┏━━

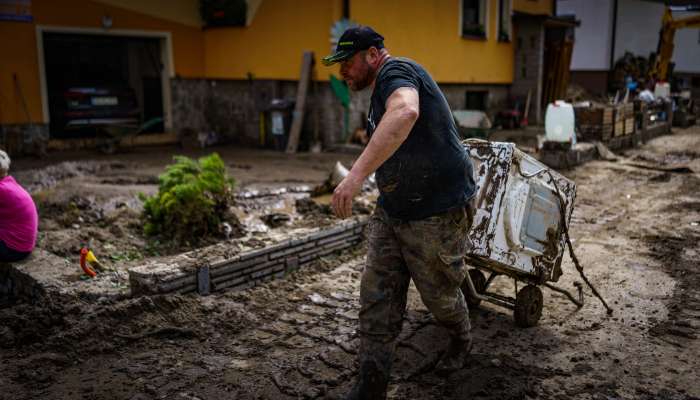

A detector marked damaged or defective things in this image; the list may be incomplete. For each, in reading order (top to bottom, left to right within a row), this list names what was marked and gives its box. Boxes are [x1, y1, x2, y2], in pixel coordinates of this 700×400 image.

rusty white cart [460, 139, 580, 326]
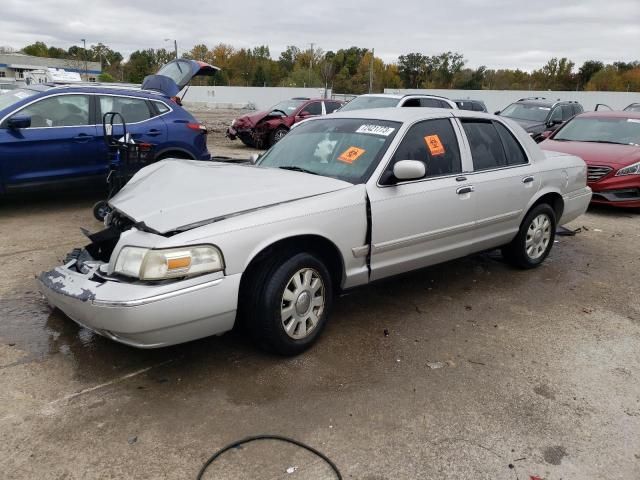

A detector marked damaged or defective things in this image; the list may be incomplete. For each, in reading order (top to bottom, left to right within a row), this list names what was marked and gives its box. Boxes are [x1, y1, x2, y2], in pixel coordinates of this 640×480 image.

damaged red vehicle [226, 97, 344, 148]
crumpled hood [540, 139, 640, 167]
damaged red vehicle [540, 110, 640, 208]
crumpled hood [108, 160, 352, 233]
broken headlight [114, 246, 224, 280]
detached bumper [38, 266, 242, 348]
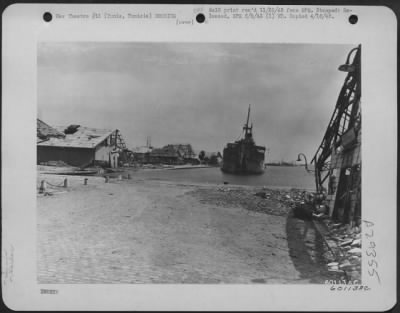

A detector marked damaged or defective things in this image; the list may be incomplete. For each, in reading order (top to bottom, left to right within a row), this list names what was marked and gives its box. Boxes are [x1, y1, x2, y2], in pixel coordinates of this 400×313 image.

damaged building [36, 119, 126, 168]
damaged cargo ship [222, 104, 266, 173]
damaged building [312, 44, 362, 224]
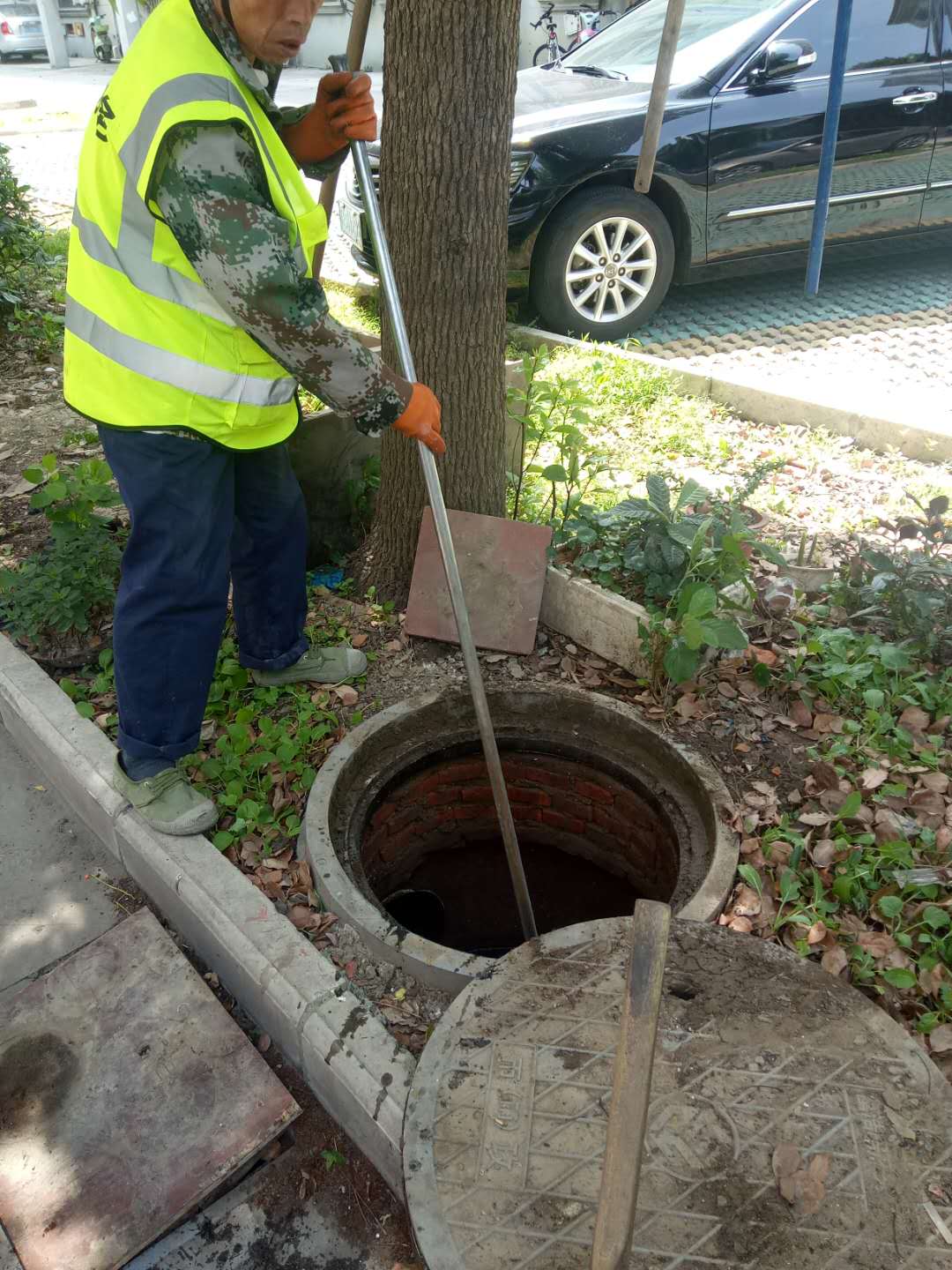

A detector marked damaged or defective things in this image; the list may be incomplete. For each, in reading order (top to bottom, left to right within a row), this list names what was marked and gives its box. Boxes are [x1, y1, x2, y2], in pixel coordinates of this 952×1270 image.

┗━━
┏━━

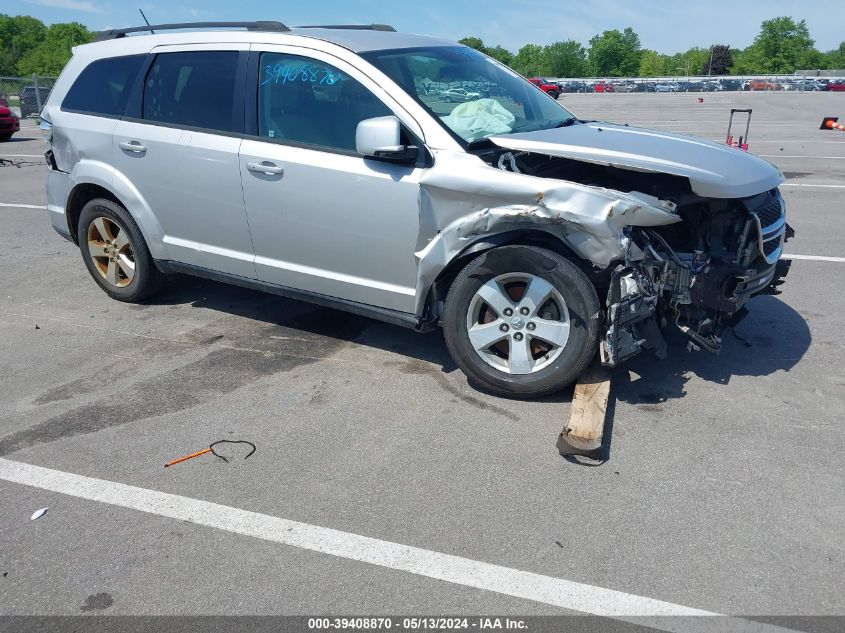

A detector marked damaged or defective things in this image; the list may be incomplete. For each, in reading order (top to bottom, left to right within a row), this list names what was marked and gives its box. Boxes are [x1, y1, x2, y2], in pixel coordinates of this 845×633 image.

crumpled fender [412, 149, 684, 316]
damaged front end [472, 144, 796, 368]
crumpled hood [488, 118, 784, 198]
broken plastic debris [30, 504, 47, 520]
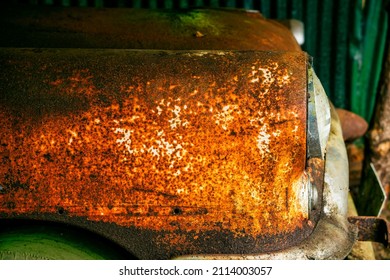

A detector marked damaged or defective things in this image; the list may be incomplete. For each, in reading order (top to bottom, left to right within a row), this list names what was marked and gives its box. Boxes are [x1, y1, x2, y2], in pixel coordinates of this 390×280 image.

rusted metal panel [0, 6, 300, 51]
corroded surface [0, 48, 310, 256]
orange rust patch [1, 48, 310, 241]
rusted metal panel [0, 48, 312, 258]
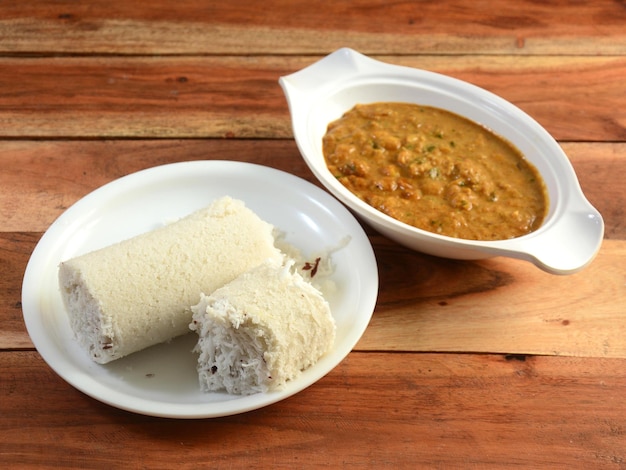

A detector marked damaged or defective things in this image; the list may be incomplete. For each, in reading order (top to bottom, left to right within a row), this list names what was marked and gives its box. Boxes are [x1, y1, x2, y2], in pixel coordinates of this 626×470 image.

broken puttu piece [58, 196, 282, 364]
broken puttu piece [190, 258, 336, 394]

┗━━
┏━━

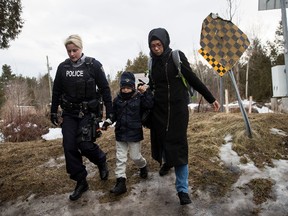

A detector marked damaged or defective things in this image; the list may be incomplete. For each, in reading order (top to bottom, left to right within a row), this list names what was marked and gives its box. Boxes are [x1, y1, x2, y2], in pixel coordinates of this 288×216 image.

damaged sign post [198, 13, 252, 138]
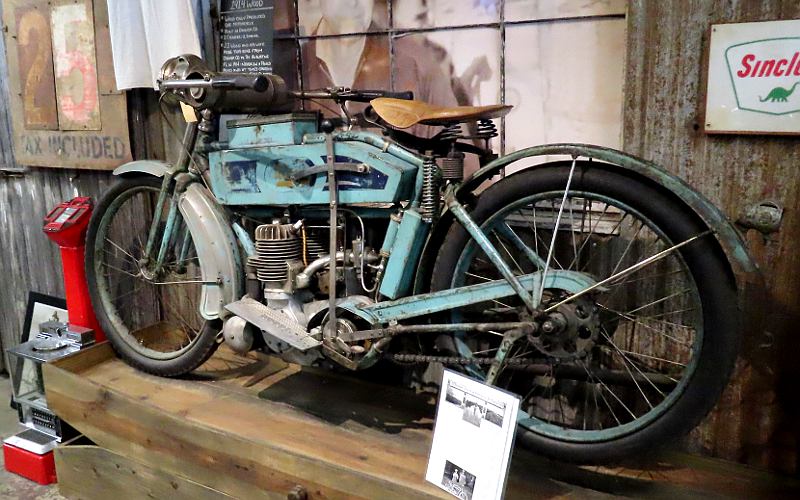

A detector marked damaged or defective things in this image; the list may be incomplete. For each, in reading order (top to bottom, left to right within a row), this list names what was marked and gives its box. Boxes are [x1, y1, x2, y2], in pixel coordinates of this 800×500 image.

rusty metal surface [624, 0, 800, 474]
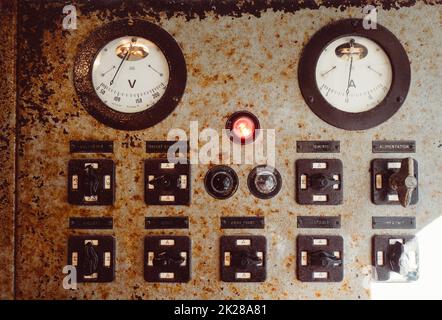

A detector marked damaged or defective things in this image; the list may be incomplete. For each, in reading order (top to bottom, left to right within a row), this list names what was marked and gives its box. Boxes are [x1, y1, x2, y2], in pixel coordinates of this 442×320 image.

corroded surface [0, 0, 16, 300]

┗━━

● **WHAT IS BEING ASKED**
Exact copy, pictures excluded: from the line with "this 700×400 image." up to and including the line with "this 952×1270 image." in the data above.

● **OUTPUT FOR THIS EXERCISE**
A detector marked damaged or defective things in this image; the list may be incomplete. For each, in reading order (top to bottom, left to right within a row), this list names what was marked and gives its box. Boxes are [x1, y1, x2, y2], in pixel coordinates of this 700×400 image.

rusty white cart [460, 139, 580, 326]

A detector marked damaged or defective things in this image; the list may be incomplete. For each, in reading order (top to bottom, left to right within a row), this list names what was marked and gives its box. Boxes are [x1, y1, x2, y2], in pixel coordinates of this 640×480 image.

damaged red vehicle [226, 97, 344, 148]
crumpled hood [540, 139, 640, 167]
damaged red vehicle [540, 110, 640, 208]
crumpled hood [108, 160, 352, 233]
broken headlight [114, 246, 224, 280]
detached bumper [38, 266, 242, 348]

A detector marked damaged or defective things in this image; the list may be incomplete. For each, in reading order (top to bottom, left to right within a row), this list names what was marked and gives its box. Boxes are [x1, y1, x2, y2], in pixel coordinates of this 400×313 image.

damaged building [36, 119, 126, 168]
damaged cargo ship [222, 104, 266, 173]
damaged building [312, 44, 362, 224]

A detector marked damaged or defective things in this image; the list may be incomplete. For each, in reading order (top to bottom, left to right within a row), this list names what was marked and gives its box. Boxes are [x1, y1, x2, y2], in pixel coordinates of this 952×1270 image.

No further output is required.